愛犬がうんちを食べる「食糞」の原因は? すぐに試せるしつけと対策

愛犬が自分のうんちを食べているのを見て、思わずお届きの声を上げてしまった方も多いはず。
実はこの行動、犬の世界では決して珍しいことではありません。
今回は、愛犬の健やかな毎日を守るために、今日からできる対策をご紹介します。
記事の要点まとめ
Q. 愛犬がうんちを食べる主な原因は何ですか?
消化不良や栄養不足、野生時代の名残、飼い主の反応や恐怖心、ストレスや退屈、空腹などが原因です。
Q. 食糞にはどのような健康リスクがありますか?
自分のうんちでも衛生面や口臭の問題があり、他犬のものだと寄生虫や細菌感染で下痢や嘔吐を起こすリスクがあります。

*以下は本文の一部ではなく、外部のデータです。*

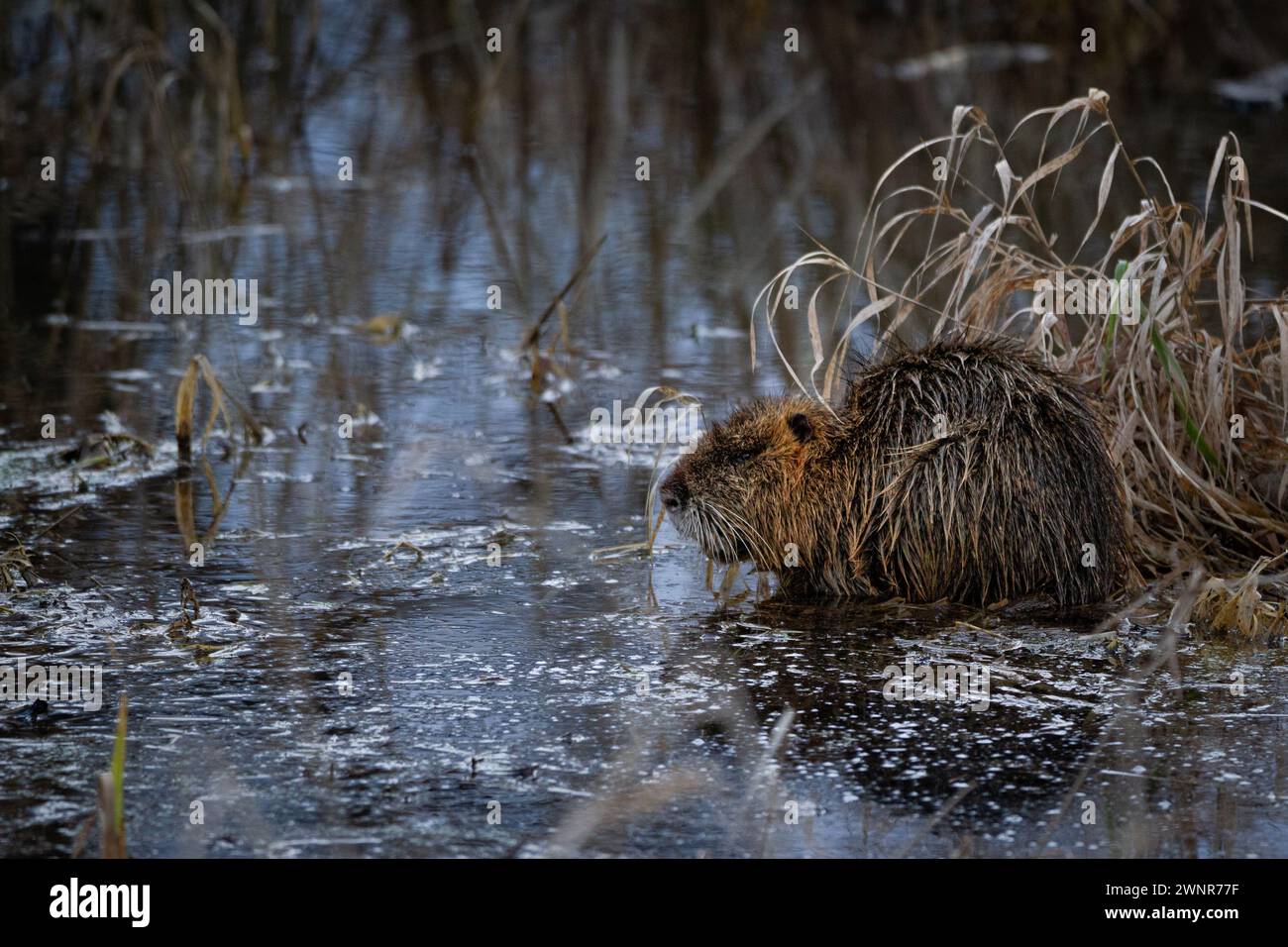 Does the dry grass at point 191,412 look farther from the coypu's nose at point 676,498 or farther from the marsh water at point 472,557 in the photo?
the coypu's nose at point 676,498

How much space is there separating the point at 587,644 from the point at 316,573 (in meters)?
0.94

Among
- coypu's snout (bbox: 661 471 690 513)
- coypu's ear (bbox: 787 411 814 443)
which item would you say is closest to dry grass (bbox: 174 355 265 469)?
coypu's snout (bbox: 661 471 690 513)

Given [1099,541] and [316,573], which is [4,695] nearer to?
[316,573]

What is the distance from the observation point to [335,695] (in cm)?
418

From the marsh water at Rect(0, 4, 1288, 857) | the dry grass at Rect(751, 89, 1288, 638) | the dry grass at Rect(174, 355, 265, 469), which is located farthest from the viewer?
the dry grass at Rect(174, 355, 265, 469)

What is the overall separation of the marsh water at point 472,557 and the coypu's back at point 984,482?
14cm

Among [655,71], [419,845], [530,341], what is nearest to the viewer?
[419,845]

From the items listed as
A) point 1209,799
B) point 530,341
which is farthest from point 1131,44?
point 1209,799

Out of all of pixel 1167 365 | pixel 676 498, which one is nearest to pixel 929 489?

Q. 食糞をやめさせるために今日からできる対策は何ですか?
排泄物を素早く無言で片付ける、フードや量を見直す、呼び戻しやマテのしつけ、運動や遊びでストレスを減らすことです。
愛犬がうんちを食べる4つの原因
うんちを口にしてしまう行動は、 食糞 と呼ばれるもの。
私たち人間からするとショッキングな光景ですが、犬にとってはしっかりとした理由がある、心や体の状態を伝える大切なサインです。
ここからは、食糞を引き起こす主な4つの理由を順番に紐解いていきます。
消化不良や栄養不足による本能的な行動
毎日の 食事が体に合っていない場合、うんちの中に未消化の栄養素が残ってしまう ことがあります。
犬の優れた嗅覚は、そのわずかに残った食べ物の匂いを敏感に嗅ぎ取り「まだ食べられるもの」と勘違いして、再び口に運んでしまうケースが見られます。
また、成長期の子犬や運動量の多い活発な愛犬の場合、単純にカロリーや特定のミネラル、ビタミンなどの栄養素が足りていないことも理由のひとつ。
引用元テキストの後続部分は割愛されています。